Dataset items

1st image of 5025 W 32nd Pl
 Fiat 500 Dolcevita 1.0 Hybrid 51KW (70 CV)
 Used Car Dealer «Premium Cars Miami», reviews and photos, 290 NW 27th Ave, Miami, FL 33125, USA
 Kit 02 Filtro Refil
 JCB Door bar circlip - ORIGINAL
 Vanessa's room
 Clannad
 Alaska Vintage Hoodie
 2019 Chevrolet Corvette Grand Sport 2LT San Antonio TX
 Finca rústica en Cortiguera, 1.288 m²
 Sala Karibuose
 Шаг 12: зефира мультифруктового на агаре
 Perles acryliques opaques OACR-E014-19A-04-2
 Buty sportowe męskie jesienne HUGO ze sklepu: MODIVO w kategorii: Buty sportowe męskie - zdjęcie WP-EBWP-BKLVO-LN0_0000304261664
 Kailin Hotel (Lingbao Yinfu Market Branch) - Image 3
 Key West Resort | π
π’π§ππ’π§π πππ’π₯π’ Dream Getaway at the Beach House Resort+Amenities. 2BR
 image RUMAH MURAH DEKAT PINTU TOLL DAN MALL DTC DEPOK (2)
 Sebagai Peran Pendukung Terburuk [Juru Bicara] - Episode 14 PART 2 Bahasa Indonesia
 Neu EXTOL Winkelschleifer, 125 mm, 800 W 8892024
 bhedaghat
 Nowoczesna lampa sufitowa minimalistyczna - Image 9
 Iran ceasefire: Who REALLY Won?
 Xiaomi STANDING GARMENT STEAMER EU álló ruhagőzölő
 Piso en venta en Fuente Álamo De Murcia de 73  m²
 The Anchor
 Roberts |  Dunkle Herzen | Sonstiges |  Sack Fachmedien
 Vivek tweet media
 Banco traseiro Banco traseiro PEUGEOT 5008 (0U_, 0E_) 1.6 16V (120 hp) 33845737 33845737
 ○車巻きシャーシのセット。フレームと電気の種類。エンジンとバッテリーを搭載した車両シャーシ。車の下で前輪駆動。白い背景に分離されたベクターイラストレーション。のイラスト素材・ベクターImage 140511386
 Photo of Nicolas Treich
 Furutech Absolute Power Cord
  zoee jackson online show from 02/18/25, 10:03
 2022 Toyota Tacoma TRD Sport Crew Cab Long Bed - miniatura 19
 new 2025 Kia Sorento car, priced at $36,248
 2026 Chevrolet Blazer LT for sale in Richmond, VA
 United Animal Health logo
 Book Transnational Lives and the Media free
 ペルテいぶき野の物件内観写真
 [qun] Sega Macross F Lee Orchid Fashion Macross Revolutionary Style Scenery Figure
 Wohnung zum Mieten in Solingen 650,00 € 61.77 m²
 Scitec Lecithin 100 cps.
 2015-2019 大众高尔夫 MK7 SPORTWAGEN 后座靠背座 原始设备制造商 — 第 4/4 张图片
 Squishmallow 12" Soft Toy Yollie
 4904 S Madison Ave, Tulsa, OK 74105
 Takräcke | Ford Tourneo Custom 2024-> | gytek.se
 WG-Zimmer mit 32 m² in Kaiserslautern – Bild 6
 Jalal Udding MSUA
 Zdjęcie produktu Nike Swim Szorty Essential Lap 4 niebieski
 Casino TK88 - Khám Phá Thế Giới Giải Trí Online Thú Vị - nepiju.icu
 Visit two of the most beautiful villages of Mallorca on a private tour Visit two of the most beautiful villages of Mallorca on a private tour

#### Work request:
Your task is to restate, word for word, only those lines above that fall between the line holding "Piso en venta" and the line holding "Banco traseiro Banco", inclusive.

#### Response to this exercise:
 Piso en venta en Fuente Álamo De Murcia de 73  m²
 The Anchor
 Roberts |  Dunkle Herzen | Sonstiges |  Sack Fachmedien
 Vivek tweet media
 Banco traseiro Banco traseiro PEUGEOT 5008 (0U_, 0E_) 1.6 16V (120 hp) 33845737 33845737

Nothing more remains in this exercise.